Source data:
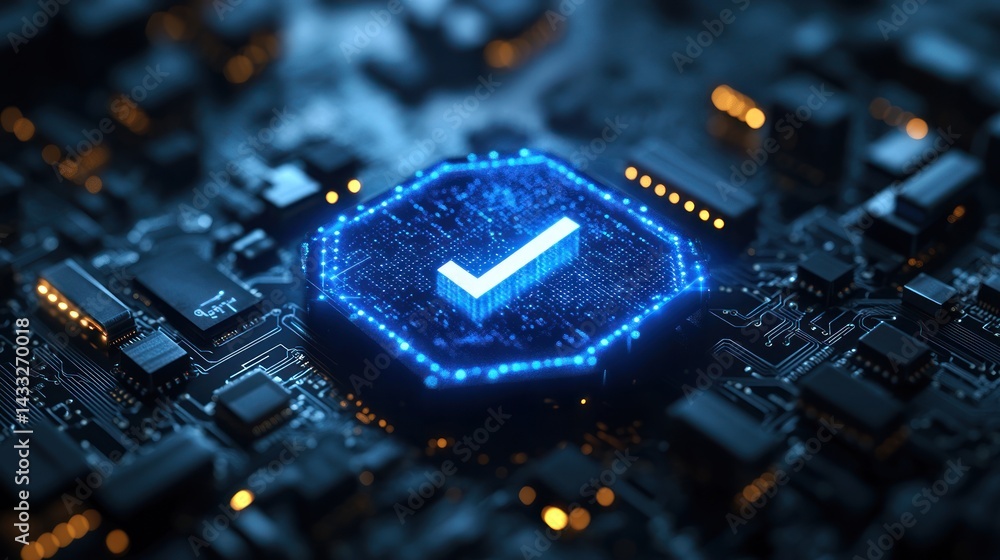 Aufkleber glowing check mark on a dark circuit board with electronic components.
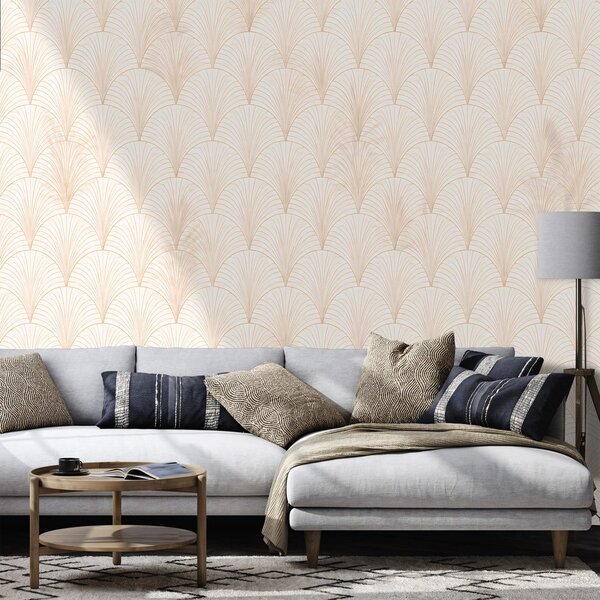 Tapeta bež art deco geometrija
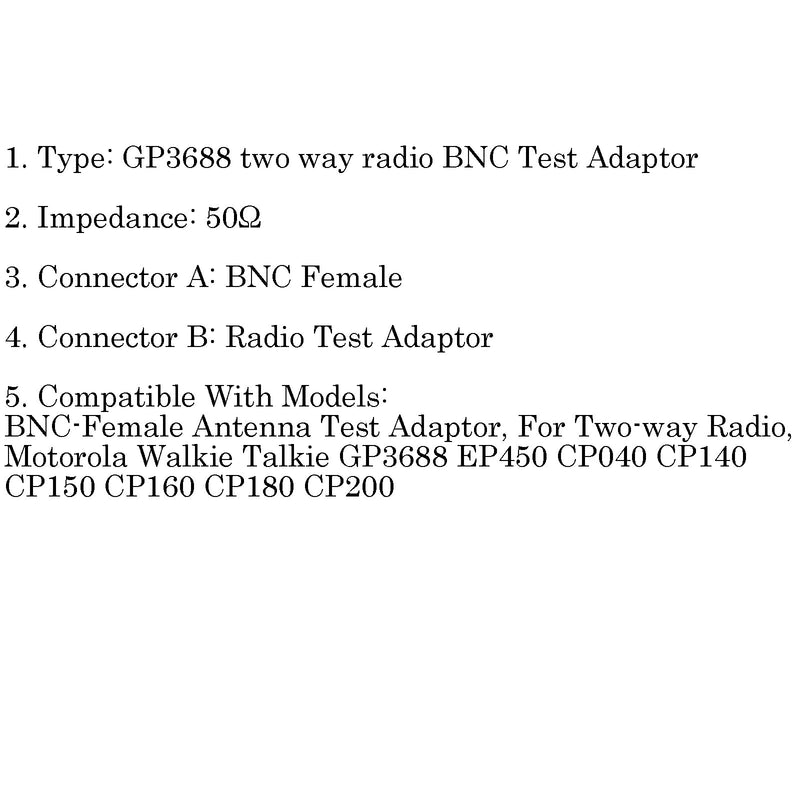 Adaptador de prueba de antena bidireccional hembra 10x Motorola BNC para GP3688 EP450 CP040 CP140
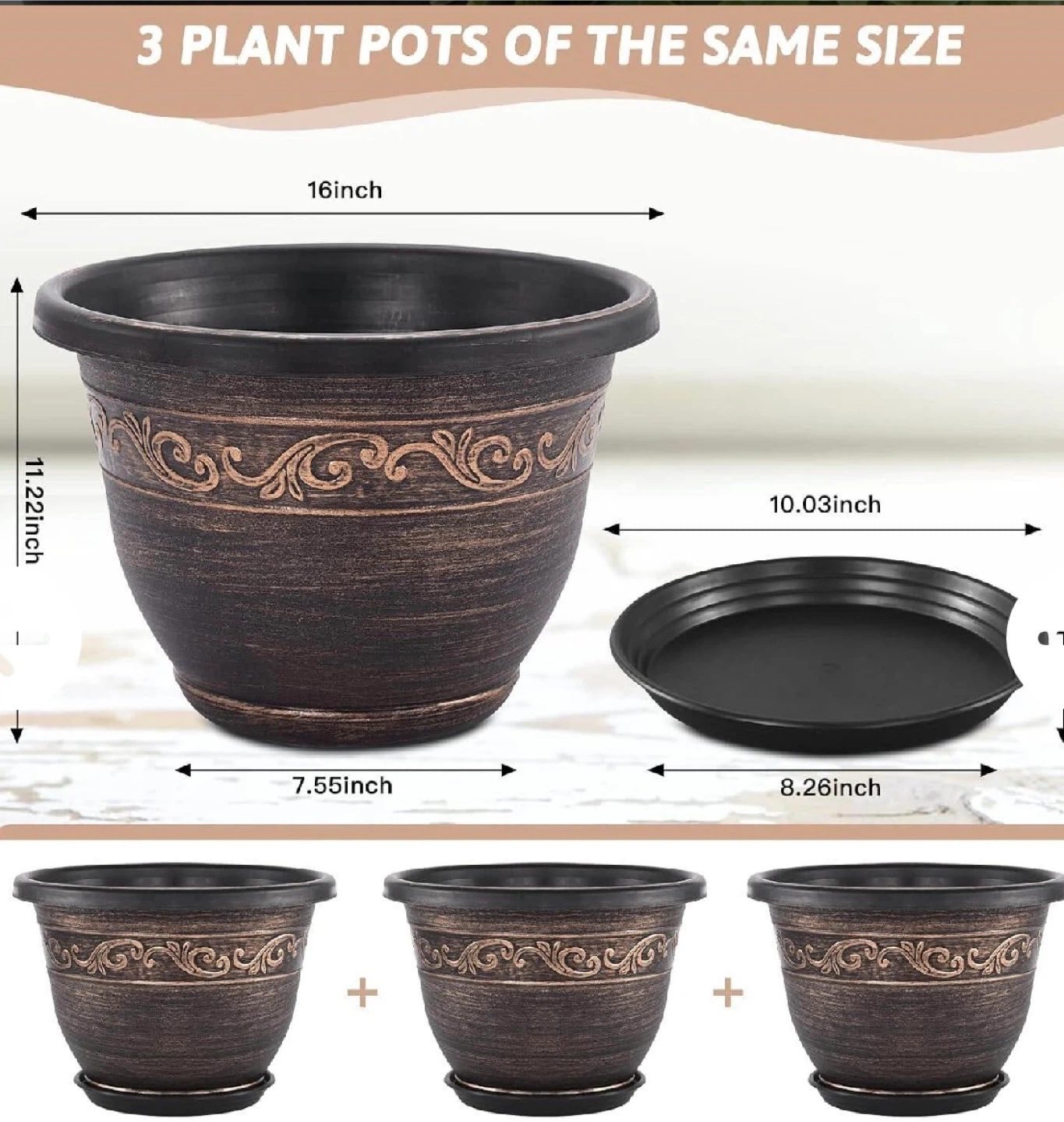 16 inch Plant Pots - 3 Pack - photo 2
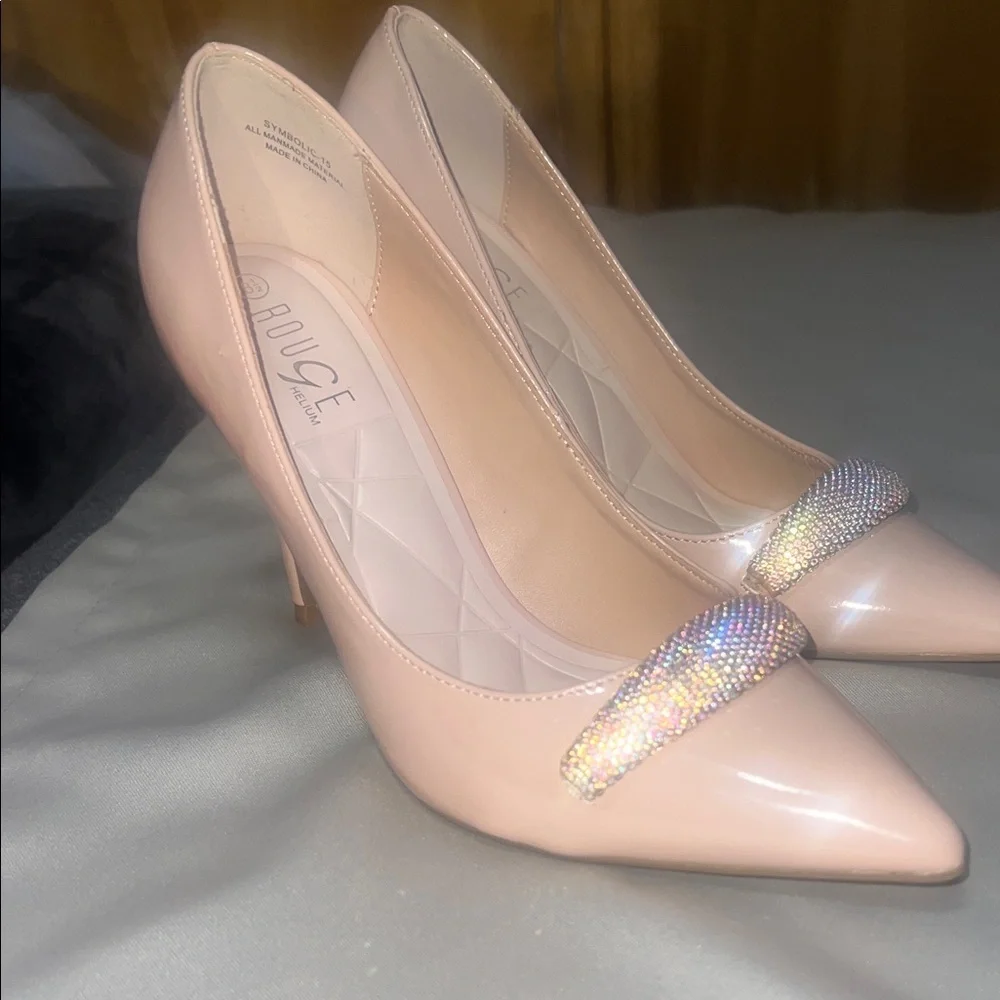 New Rouge Helium Pink Heels with Glitter Detail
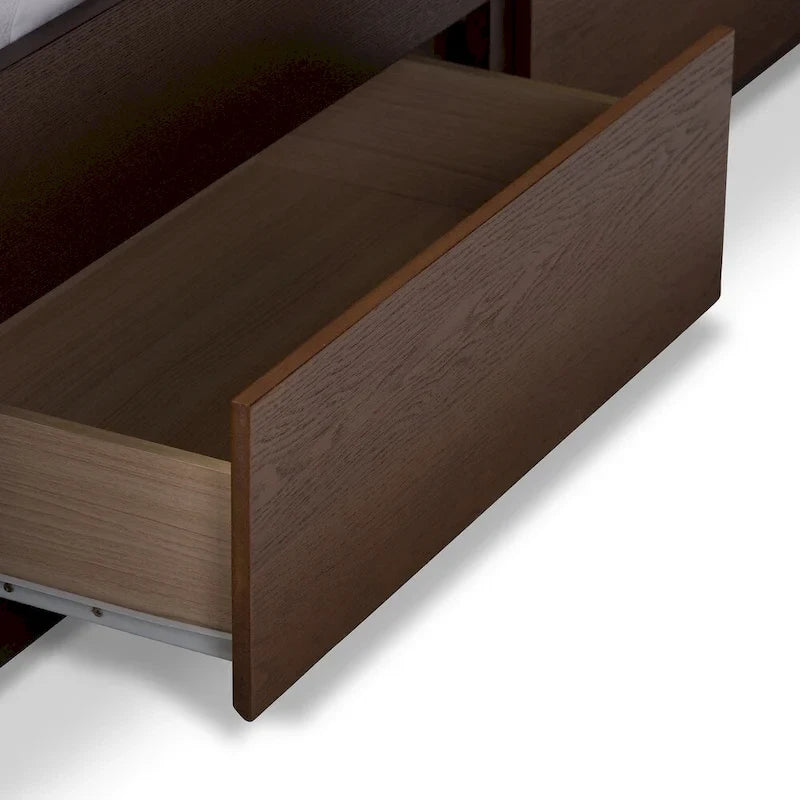 Lit de rangement contemporain en tissu gris et bois de noyer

Your goal: Excluding all pictures, print exactly and only the lines from the line with "Tapeta bež art deco geometrija" through the end of the records above, both ends included.

Answer to the problem:
 Tapeta bež art deco geometrija
 Adaptador de prueba de antena bidireccional hembra 10x Motorola BNC para GP3688 EP450 CP040 CP140
 16 inch Plant Pots - 3 Pack - photo 2
 New Rouge Helium Pink Heels with Glitter Detail
 Lit de rangement contemporain en tissu gris et bois de noyer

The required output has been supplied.